_Data below:_
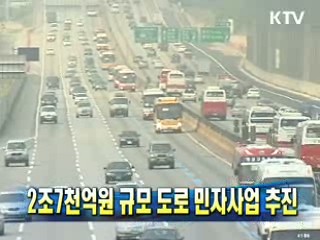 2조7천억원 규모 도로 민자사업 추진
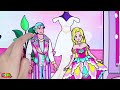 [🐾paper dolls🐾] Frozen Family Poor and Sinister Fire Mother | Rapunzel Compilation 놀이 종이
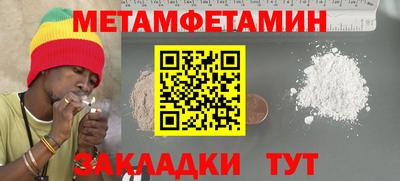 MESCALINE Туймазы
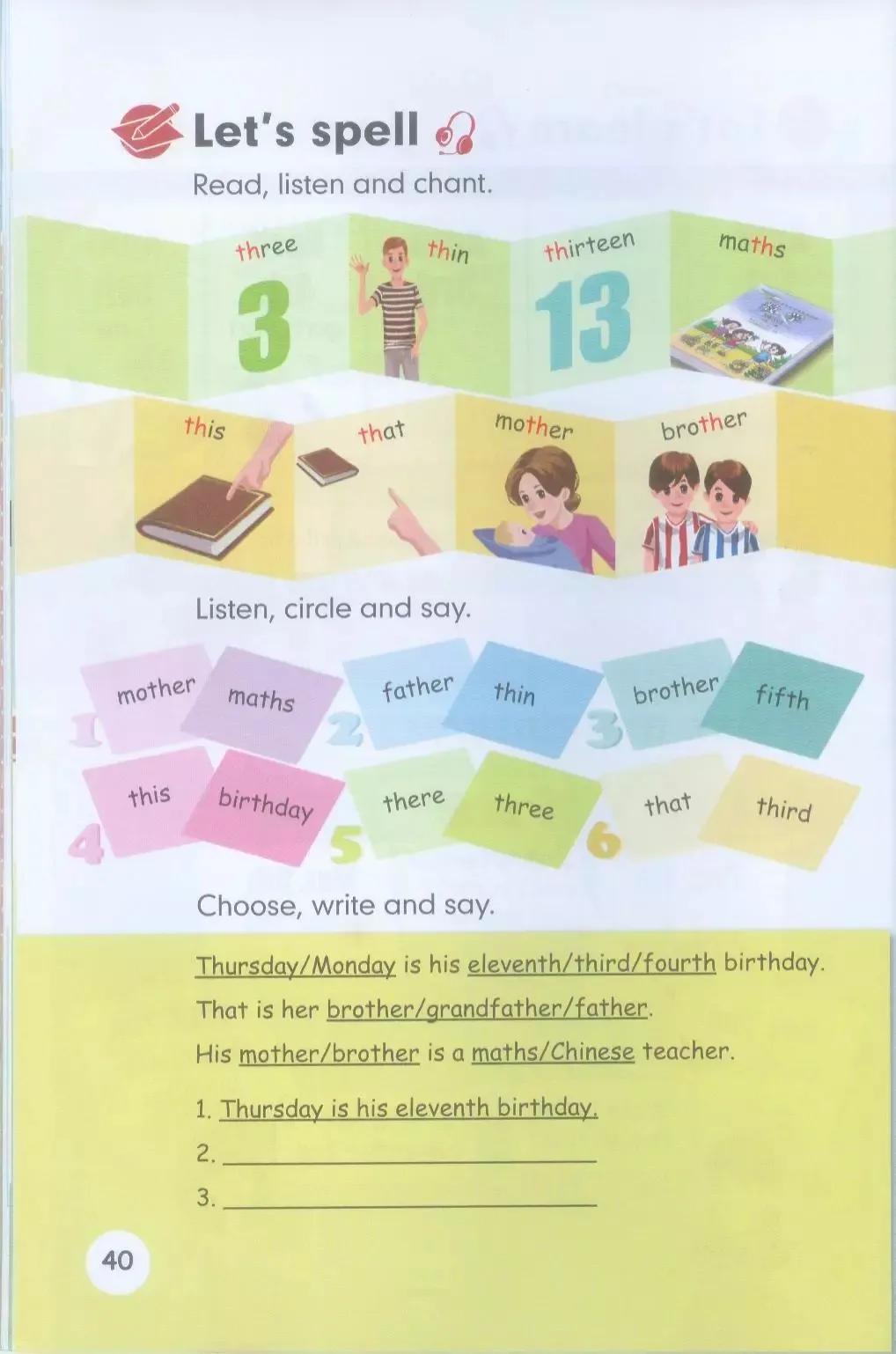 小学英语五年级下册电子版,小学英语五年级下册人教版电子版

_Work instruction:_
What is needed is an exact copy of the data, without any pictures.

_Solution:_
 2조7천억원 규모 도로 민자사업 추진
 [🐾paper dolls🐾] Frozen Family Poor and Sinister Fire Mother | Rapunzel Compilation 놀이 종이
 MESCALINE Туймазы
 小学英语五年级下册电子版,小学英语五年级下册人教版电子版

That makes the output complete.